Interaction with other drugs
Leveetera does not interact and digoxin. Digoxin, oral contraceptives and warfarin do not affect the pharmacokinetics of levetiracetam. When used together with topiramate, anorexia is more likely to develop. The extent of absorption of levetiracetam does not change under the influence of food, while the rate of absorption somewhat decreases.
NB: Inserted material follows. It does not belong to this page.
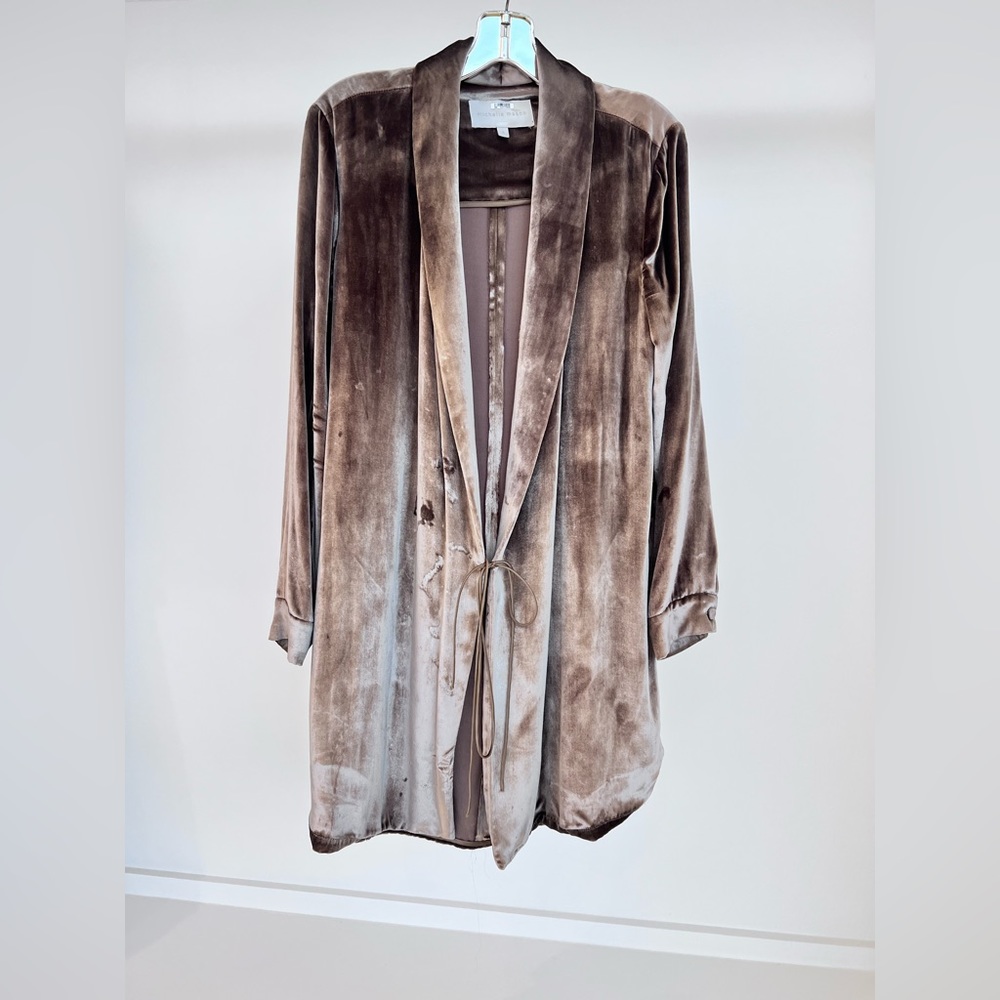michelle mason velvet jacket / dress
There are no data on the interaction of levetiracetam with alcohol.
special instructions
If you want to stop taking the drug, it is recommended to cancel, gradually, reducing a single dose of 500 mg every 2-4 weeks. In children, the dose reduction should not exceed 10 mg / kg of body weight 2 times / day every 2 weeks. It is advisable to abolish concomitant antiepileptic drugs (during the transfer of patients to levetiracetam) gradually. Renal function testing is recommended for patients with kidney disease and decompensated liver diseases before starting treatment. If kidney function is impaired, a dose adjustment may be required. Due to reports of suicide cases, suicidal intentions and suicide attempts during treatment with levetiracetam, patients should be warned to immediately report any symptoms of depression or suicidal intentions to their doctor. The oral solution contains maltitol therefore, patients with impaired fructose tolerance are taking Keppra; in the appropriate dosage form is contraindicated. Use in pediatrics The available information about the use of the drug in children does not indicate any of its negative effects on development and puberty. However, the long-term effects of treatment on children's ability to learn, their intellectual development, growth, endocrine gland functions, sexual development and fertility remain unknown. Effects on the ability to drive vehicles and control mechanisms The effect of Keppra; on the ability to drive vehicles and control mechanisms has not been specifically studied. However, due to the varying individual sensitivity to the drug on the part of the central nervous system during the period of treatment, it is necessary to refrain from driving vehicles and practicing potentially hazardous activities that require high concentration of attention and quickness of psychomotor reactions.